Among the lines below, the one containing "DÁRKOVÉ ŠTĚŇATA DÁRKOVÉHO FRENCH BULLDOG" opens the range and the one containing "Picture of Pet" closes it. Print that range exactly, without the pictures.

- _RECORD EXCERPTS_
[Start of section]
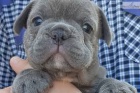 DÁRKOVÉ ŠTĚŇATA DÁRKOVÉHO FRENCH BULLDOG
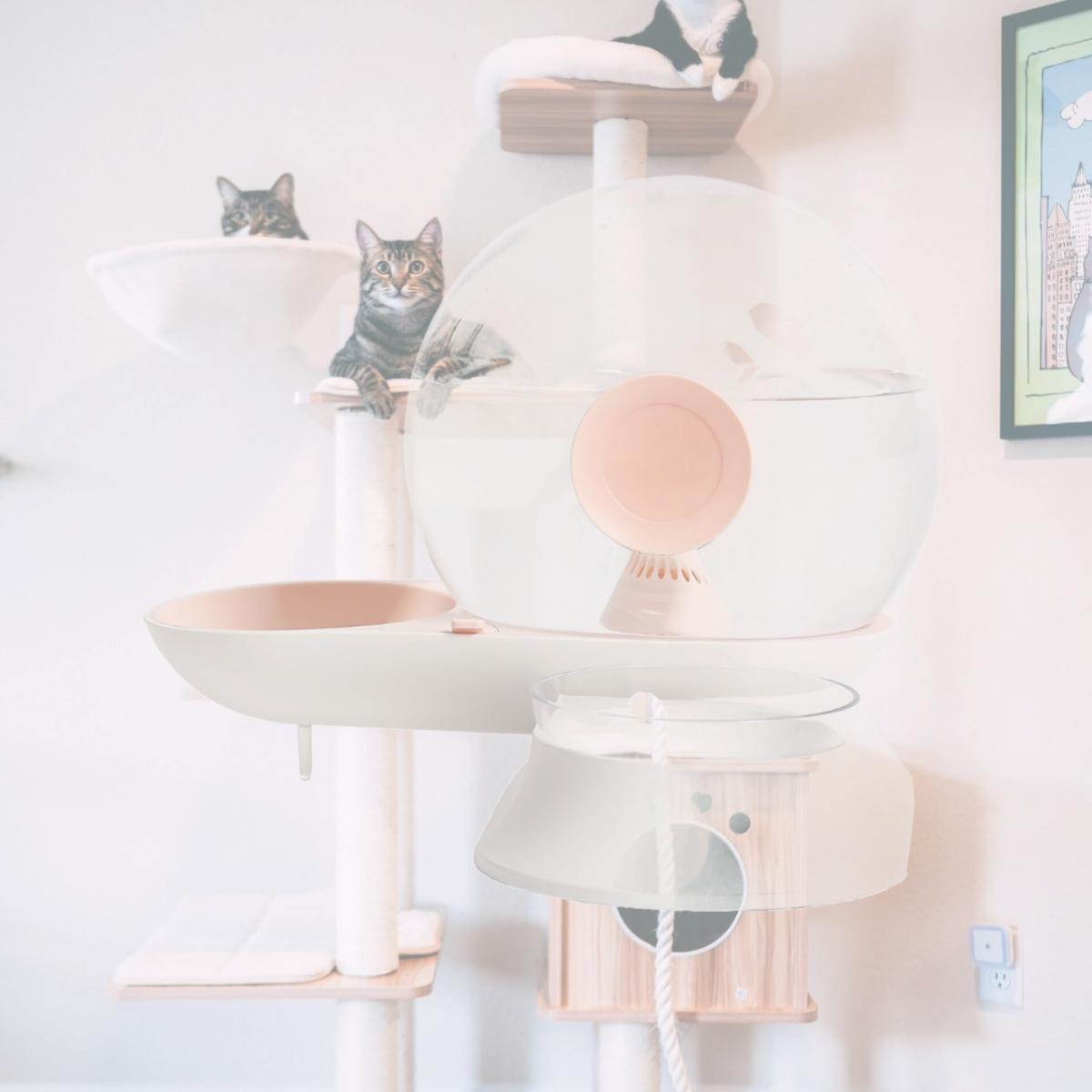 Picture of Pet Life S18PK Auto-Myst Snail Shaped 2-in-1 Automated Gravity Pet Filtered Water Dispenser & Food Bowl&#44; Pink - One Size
[End of section]
[Start of section]
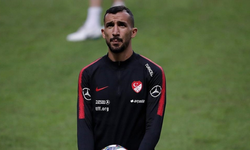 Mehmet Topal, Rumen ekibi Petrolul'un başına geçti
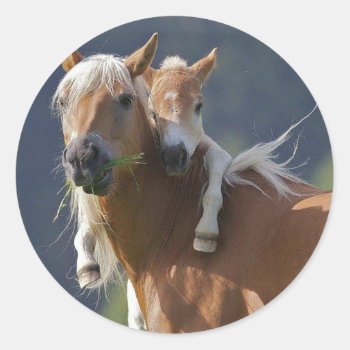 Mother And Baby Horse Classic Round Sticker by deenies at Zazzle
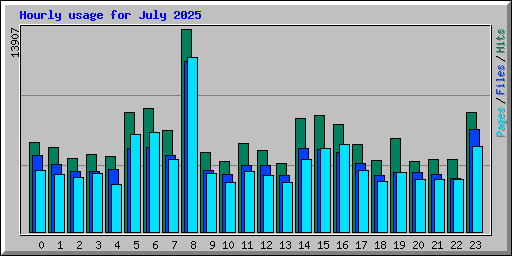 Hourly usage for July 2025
[End of section]
- _EXERCISE RESPONSE_
 DÁRKOVÉ ŠTĚŇATA DÁRKOVÉHO FRENCH BULLDOG
 Picture of Pet Life S18PK Auto-Myst Snail Shaped 2-in-1 Automated Gravity Pet Filtered Water Dispenser & Food Bowl&#44; Pink - One Size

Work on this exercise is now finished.